À force d’opiniâtreté, la statue d’argent est quasiment achevée en 1834. Cette année-là, elle est sélectionnée pour participer à Paris, à la 8e Exposition des produits de l’industrie française, du 1er mai au 29 juin, où elle obtient une médaille de bronze. À son retour à Marseille, Chanuel la peaufine encore jusqu’en 1835. Plus petite que son modèle, elle mesure 6 pieds (1,82 m) et est constituée de 43 kg d’argent (ou 53 kg selon les sources). Son coût s’élève à 30 000 francs répartis de la sorte : 12 000 francs pour le matériau précieux, 14 000 francs pour le travail et 4 000 francs de gratification pour l’artiste.

Jean-Baptiste Chanuel, La Vierge et l’Enfant Jésus, groupe, argent, 1835
Maître-autel, Notre-Dame de la Garde
Ensemble et détail de l’inscription sur le socle © Xavier de Jauréguiberry

Le 30 juin 1837, les administrateurs de Notre-Dame de la Garde se rendent dans l’atelier de l’orfèvre, 38 rue des Dominicaines, afin de procéder à la réception de la sculpture qui est déclarée conforme au cahier des charges. Le 2 juillet suivant, Mgr Fortuné de Mazenod la bénit sur le Cours (Cours Belsunce), puis la conduit à la cathédrale où elle demeure jusqu’au 4 juillet. Enfin, une longue procession l’escorte au Fort de la Garde et l’installe sur l’autel de la chapelle. Dès cet instant, elle devient l’image mariale la plus vénérée du sanctuaire et la plus représentée.
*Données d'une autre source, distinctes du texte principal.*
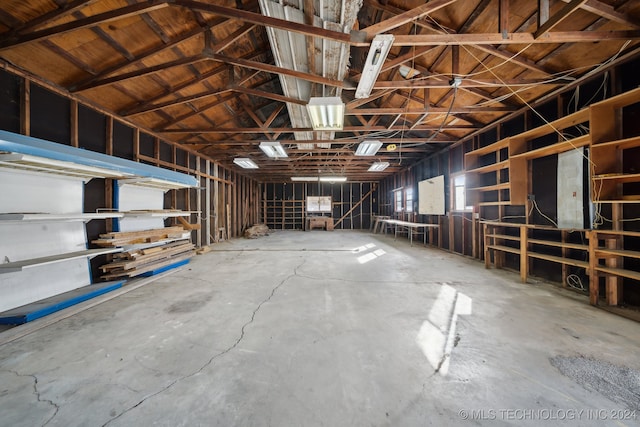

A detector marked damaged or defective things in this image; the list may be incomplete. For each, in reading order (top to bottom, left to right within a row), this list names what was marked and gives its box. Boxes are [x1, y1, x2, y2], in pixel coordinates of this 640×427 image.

crack in concrete floor [101, 258, 306, 427]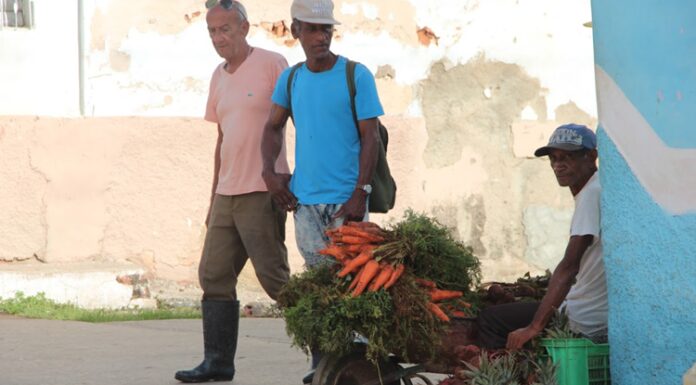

Anonyme, F. C. Xbre 1852, ex-voto, 1852
Musée, Notre-Dame de la Garde © Xavier de Jauréguiberry

Anonyme, Intérieur de la chapelle de Notre-Dame de la Garde, gravure, avant 1855
Archives municipales de Marseille, 79 FI 127 

En 1855, l’ancienne chapelle est détruite pour laisser la place à la nouvelle église construite par Henry Espérandieu (1829-1874) et consacrée le 4 juin 1864. Le lendemain a lieu la translation solennelle de la Vierge d’argent dans le chœur du nouvel édifice.
Hélas, le 4 juin 1884, un incendie ravage le maître-autel sur lequel elle repose. Endommagée, elle nécessite une importante restauration. Elle est envoyée à Paris – un demi-siècle après son précédent voyage – dans la fabrique d’orfèvrerie et de bronze religieux d’Alexandre Chertier (1825-1890), lauréat d’un grand prix à l’Exposition universelle de 1878. Le coût de la réparation s’élève à 7 386,95 francs, permettant au chef-d’œuvre de Chanuel de retrouver sa prestance et l’affection des pèlerins.